It is very sad when an adult pressures his/her child into saying “Hi” or “Thanks”. I always feel terrible when I am the one who is supposed to hear a child say it to me, and I always say it first myself and quickly move on to the next subject, especially when I see that this poor kid is shy and scared of his parent’s pressure. I don’t force my kids to say those things, I say it for them, and if they feel like joining in, then great. If they are shy or not comfortable with strangers, then who cares really? We say it a lot at home, more than we normally would in our old childless life, but it works. Both my kids always say “thank you” and “welcome” to each other. It is too cute to watch them pass toys, books, or snacks, and keep thanking each other. I am sure they don’t always understand why they are saying it (especially my 21 m/o) but the idea is there, and they find it fun to imitate what Mom and Dad say all the time. Isn’t it better when it is not forced but sincere, and no intimidation or hard feelings involved?

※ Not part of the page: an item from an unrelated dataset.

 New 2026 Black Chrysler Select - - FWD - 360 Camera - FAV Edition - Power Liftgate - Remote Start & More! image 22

Full article from Janet Lansbury on the subject found here:
“I understand a parent’s wish to raise a child with good manners, and we all want our children to know the basics: “Hi,” “Bye” and “Thank you.” Our children’s public behaviors feel like a giant reflection on us, both as people and as parents. When someone greets our baby, we worry that the person might feel rebuffed if the baby does not respond in kind. Even though this fear is usually unfounded, most of us believe our child’s social emotional development is more important than the possible ruffled feathers of others. How do we best teach children to be polite and caring, while also encouraging their authentic responses?

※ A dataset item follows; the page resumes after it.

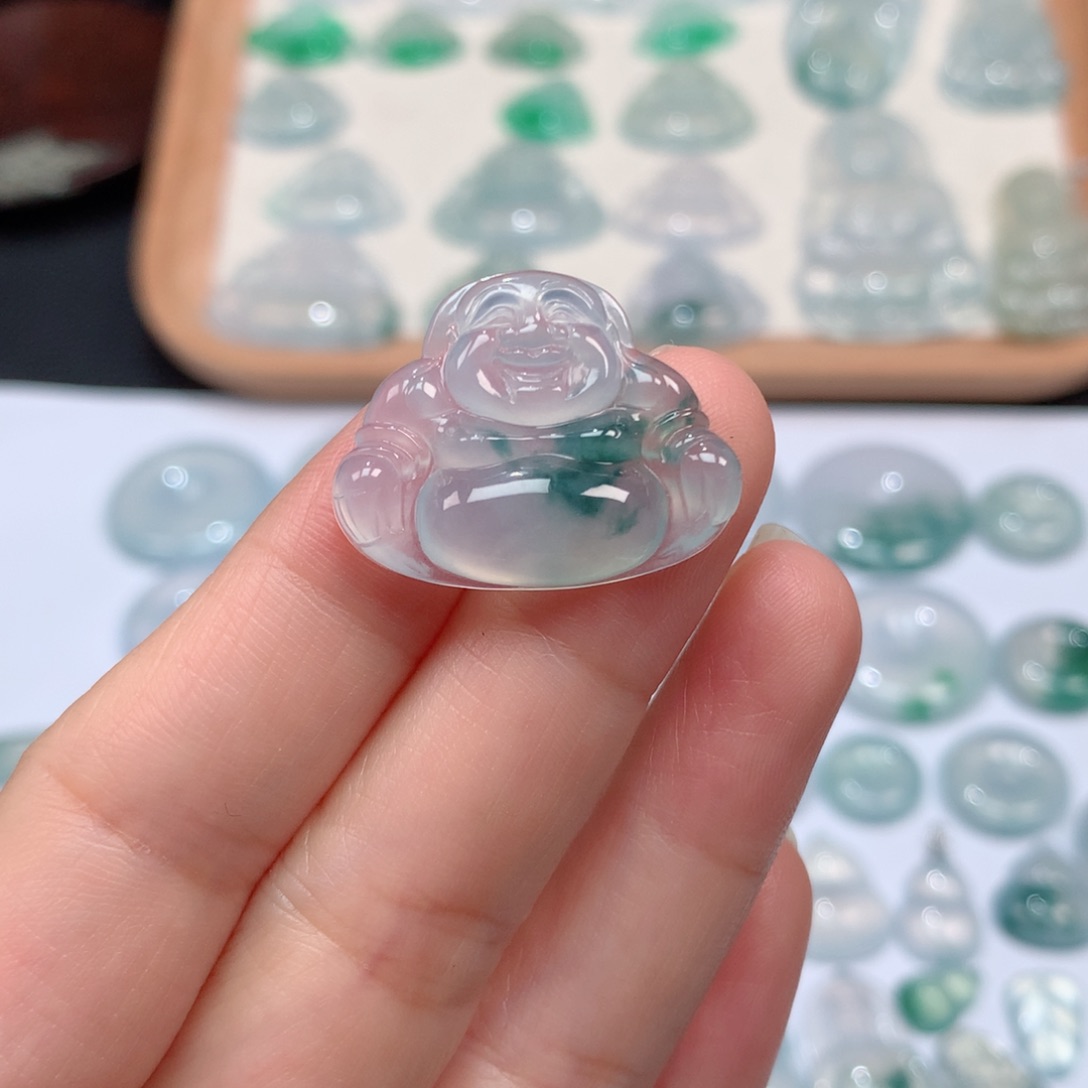 翡翠颈饰未镶嵌冰种飘花佛公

The answer is to trust and model.
Our trust and patience is an investment in a lifetime of good manners motivated from within. Instead of prompting responses from our baby, we should try to relax, observe and enjoy our child’s natural reactions and expressions. We might be surprised by our child’s spontaneous displays of cheer and affection. And when we encourage the authentic development of social skills, we give our child permission to continually act from the heart.”